*** Begin section ***

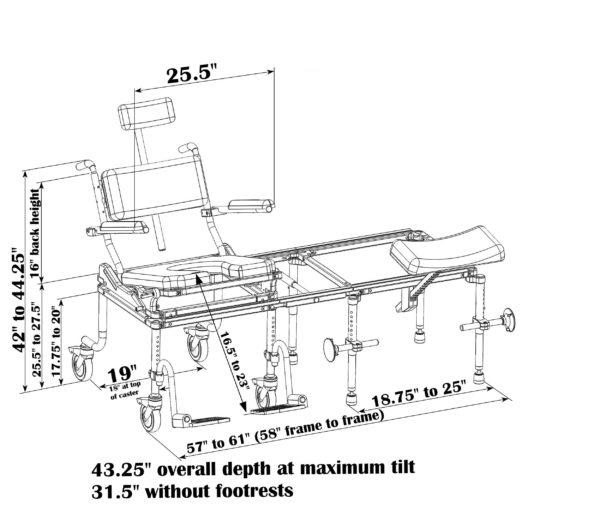 Nuprodx MC6200Tilt - Tilt-in-Space transfer system, mobility & commode chair MC6200Tilt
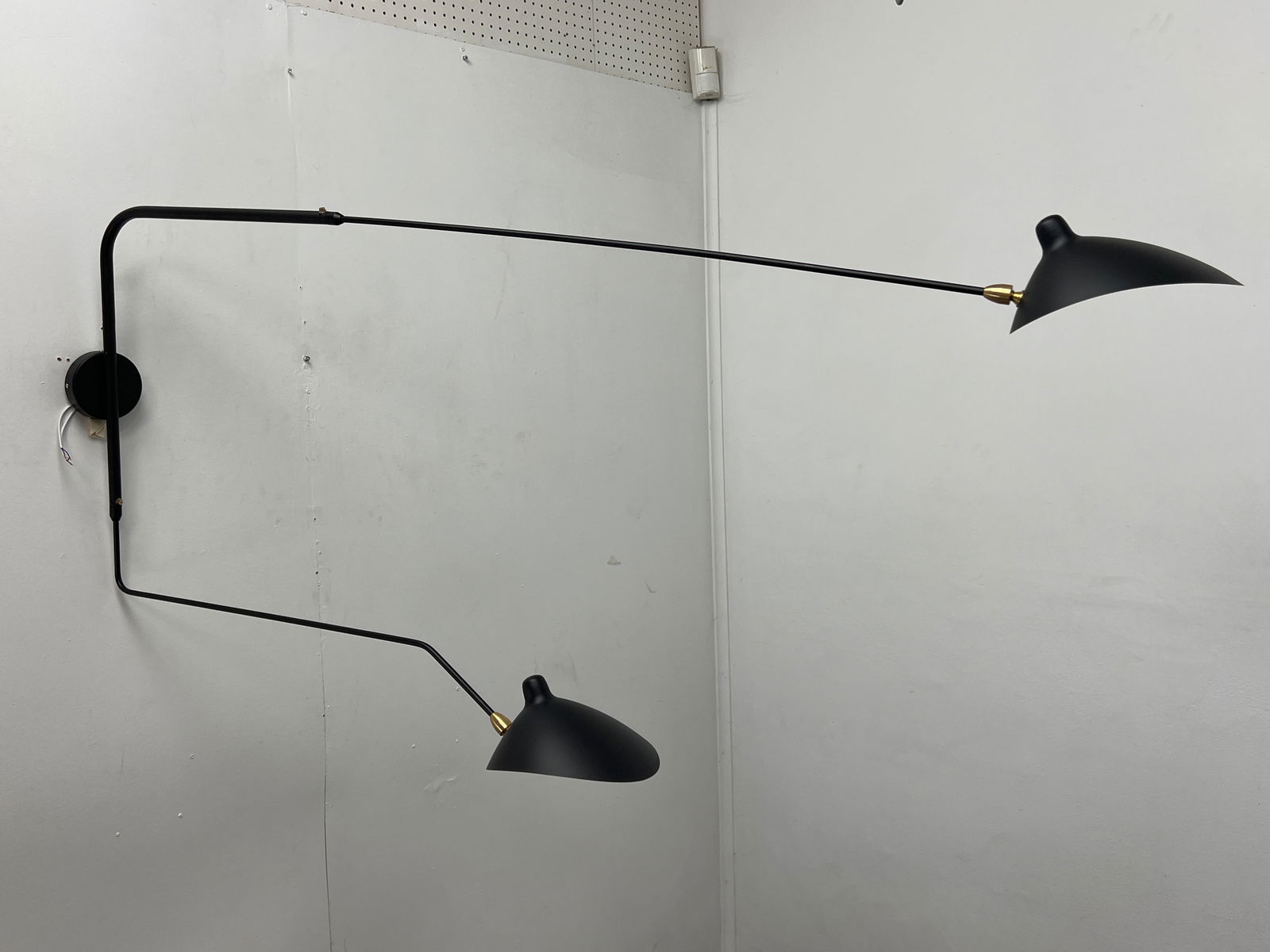 Serge Mouille style Double Arm Wall Mount Lamp. (1 of 11)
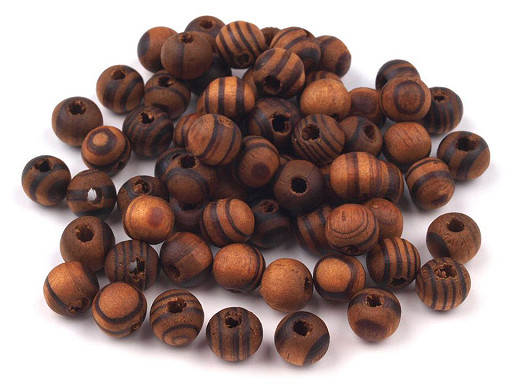 Perles rondes en bois, Ø 8 mm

*** End section ***

* What you have to do *
Only the pictures may be dropped when you copy the data above; everything else stays exact.

* Your response *
 Nuprodx MC6200Tilt - Tilt-in-Space transfer system, mobility & commode chair MC6200Tilt
 Serge Mouille style Double Arm Wall Mount Lamp. (1 of 11)
 Perles rondes en bois, Ø 8 mm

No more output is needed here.